Shein’s UK sales hit £2.05bn in 2024, up 32.3 per cent year-on-year, driven by younger shoppers.
The retailer benefits from import tax loopholes unavailable to high street rivals.
Faces mounting criticism over labour practices and sustainability as it eyes a London listing.
Tax edge drives growth
Chinese fashion giant Shein is transforming Britain’s online clothing market, capturing a third of women aged 16 to 24 while benefiting from tax breaks unavailable to high street rivals.
The fast-fashion retailer’s UK sales surged 32.3 per cent to £2.05bn in 2024, according to company filings, with pre-tax profits rising to £38.3m from £24.4m the previous year. The growth comes as established players like Asos struggle in an increasingly competitive landscape where young consumers prioritise value above all else.

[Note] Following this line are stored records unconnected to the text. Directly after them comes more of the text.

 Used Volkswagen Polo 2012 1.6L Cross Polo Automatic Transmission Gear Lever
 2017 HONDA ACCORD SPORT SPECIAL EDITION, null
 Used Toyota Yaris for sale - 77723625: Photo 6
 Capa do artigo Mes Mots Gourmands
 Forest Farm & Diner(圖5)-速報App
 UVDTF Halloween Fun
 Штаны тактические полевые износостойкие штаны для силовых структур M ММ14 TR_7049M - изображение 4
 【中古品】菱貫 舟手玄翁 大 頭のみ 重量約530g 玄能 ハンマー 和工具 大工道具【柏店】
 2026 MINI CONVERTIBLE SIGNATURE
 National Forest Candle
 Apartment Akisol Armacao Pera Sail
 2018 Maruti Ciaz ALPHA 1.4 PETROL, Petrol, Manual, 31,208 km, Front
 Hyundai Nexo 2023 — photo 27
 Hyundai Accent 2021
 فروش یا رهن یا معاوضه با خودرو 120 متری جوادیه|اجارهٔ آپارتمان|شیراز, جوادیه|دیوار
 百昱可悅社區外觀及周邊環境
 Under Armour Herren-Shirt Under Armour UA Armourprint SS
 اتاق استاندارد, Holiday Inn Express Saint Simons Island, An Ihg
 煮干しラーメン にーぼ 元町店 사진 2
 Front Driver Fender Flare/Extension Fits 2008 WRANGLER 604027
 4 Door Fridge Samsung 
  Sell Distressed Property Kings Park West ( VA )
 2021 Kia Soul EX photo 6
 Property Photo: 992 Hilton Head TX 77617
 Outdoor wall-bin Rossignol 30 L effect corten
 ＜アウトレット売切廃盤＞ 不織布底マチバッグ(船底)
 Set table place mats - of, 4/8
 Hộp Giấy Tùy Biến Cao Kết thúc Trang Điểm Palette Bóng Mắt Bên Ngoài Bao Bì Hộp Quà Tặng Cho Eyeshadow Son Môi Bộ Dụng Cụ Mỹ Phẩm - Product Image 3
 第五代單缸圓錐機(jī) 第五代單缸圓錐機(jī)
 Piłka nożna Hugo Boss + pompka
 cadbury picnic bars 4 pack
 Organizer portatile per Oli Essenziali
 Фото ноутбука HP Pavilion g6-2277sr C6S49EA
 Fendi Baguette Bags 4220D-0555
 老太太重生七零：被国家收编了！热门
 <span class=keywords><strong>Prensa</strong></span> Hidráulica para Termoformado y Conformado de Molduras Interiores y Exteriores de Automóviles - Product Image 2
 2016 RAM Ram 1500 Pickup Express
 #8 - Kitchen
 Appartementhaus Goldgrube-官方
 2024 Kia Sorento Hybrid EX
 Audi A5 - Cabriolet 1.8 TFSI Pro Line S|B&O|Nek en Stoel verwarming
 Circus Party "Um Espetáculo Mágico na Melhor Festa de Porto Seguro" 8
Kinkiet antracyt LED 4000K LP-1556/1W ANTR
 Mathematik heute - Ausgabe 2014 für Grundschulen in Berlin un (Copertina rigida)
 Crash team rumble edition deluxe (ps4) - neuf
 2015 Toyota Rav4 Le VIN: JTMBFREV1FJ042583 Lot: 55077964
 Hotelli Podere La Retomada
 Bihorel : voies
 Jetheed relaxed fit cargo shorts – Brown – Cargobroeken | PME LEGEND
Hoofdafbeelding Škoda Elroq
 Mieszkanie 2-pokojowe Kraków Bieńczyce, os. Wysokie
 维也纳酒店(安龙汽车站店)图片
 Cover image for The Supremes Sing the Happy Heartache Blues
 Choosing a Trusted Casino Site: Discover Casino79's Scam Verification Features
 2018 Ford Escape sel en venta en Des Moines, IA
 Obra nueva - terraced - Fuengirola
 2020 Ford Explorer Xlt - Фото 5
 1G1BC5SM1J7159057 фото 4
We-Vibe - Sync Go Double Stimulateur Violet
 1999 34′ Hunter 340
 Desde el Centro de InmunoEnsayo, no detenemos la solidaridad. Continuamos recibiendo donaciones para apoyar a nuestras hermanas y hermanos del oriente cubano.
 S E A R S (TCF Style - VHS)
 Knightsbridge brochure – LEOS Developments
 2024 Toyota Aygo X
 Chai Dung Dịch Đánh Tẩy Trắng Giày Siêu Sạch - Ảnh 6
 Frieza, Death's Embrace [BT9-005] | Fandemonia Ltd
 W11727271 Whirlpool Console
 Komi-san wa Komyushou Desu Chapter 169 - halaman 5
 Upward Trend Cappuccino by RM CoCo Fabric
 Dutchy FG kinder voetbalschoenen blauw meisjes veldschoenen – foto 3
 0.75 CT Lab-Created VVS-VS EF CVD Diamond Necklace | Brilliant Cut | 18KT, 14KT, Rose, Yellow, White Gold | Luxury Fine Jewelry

Shein has partly benefited from a tax break on import duty for goods worth less than £135 sent directly to consumers, The rule lets overseas sellers send low-value goods to the UK tax-free, disadvantaging local businesses.
“The growth of Shein and Temu is a huge factor,” said Tamara Sender Ceron, associate director of fashion retail research at Mintel told The Guardian. “It is particularly successful among younger shoppers. It is also a threat to other fashion retailers such as Primark and H&M because of its ultra-low price model that nobody can compete with. It’s changed the market.
"The market dynamics reflect broader shifts in consumer behaviour. Online fashion sales reached £34bn last year, up 3 per cent, according to Mintel, but shoppers have become more cautious as disposable incomes shrink, and fashion competes with holidays, festivals, and streaming services for wallet share.
Scrutiny builds
Despite its commercial success, Shein faces mounting scrutiny. The company filed initial paperwork last June for a potential London Stock Exchange listing, but critics question its labour practices and environmental impact.
"Regardless of whether Shein gets listed on the London Stock Exchange, no company doing business in the UK should be allowed to play fast and loose with human rights anywhere in their global supply chains,” said Peter Frankental, economic affairs programme director at Amnesty International UK to BBC.
The “de minimis” rule has drawn renewed attention after US President Donald Trump scrapped a similar measure during his trade war with China.
Shein’s UK operation now employs 91 people across offices in Kings Cross and Manchester, focusing primarily on local market expertise.